As noted previously, in her FAC plaintiff has joined defendant Henderson and asserted three claims against him under various California Labor Codes. (Doc. No. 11 at 1-2, 5-6.) IPC makes no argument in its opposition to remand that defendant Henderson should not be joined due to the invalidity of the claims asserted against him. (Doc. No. 18.) However, defendant Henderson has filed a motion to dismiss as to all three claims. (Doc. No. 28.) In it, he argues that plaintiff has “fail[ed] to establish” his individual liability under California Labor Code § 558.1. (Doc. No. 28-1 at 10.) In the alternative, he argues that plaintiff's claims against him must be dismissed because her FAC lacks sufficient factual allegations that her lack of meal periods was the result of his conduct, or that his actions were willful, as required under the relevant California Labor Codes. (Id. at 14-18.)

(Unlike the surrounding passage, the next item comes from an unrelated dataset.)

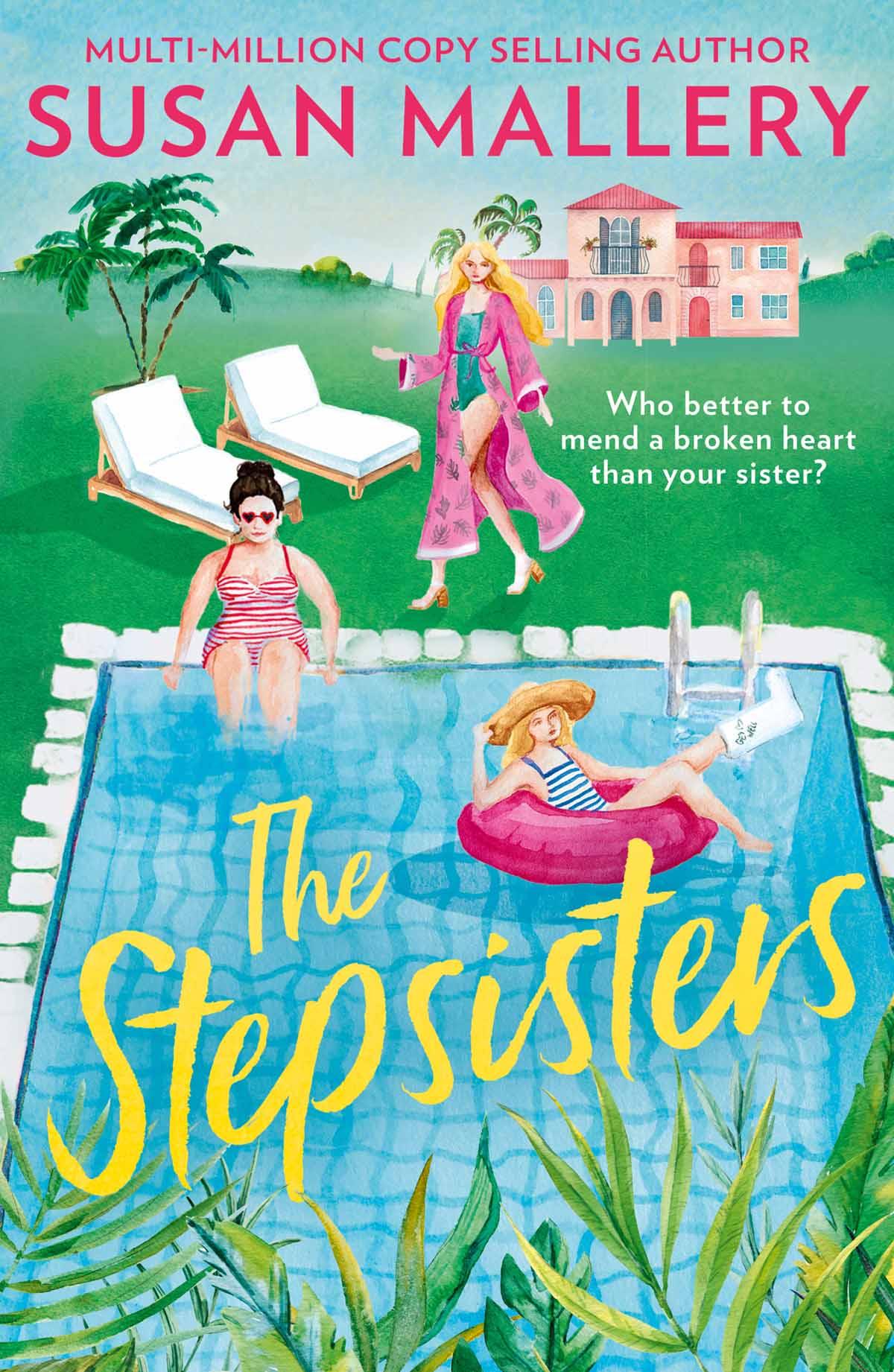 The Stepsisters Susan Mallery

California Labor Code § 558.1, provides that “[a]ny employer or other person acting on behalf of an employer, who violates, or causes to be violated [various wage and hour provisions] may be held liable as the employer for such violation.” Under the applicable Wage Order, an employer is one “who directly or indirectly, or through an agent or any other person, employs or exercises control over the wages, hours, or working conditions of any person.” Cal. Code Regs. tit. 8, § 11040(2)(H). An “other person acting on behalf of an employer” is defined as “a natural person who is an owner, director, officer, or managing agent of the employer.” Cal. Lab. Code § 558.1(b). “Supervisors who have broad discretionary powers and exercise substantial discretionary authority in the corporation could be managing agents.” White v. Ultramar, Inc., 21 Cal.4th 563, 577 (1999). However, “supervisors who have no discretionary authority over decisions that ultimately determine corporate policy would not be considered managing agents even though they may have the ability to hire or fire other employees.” Id.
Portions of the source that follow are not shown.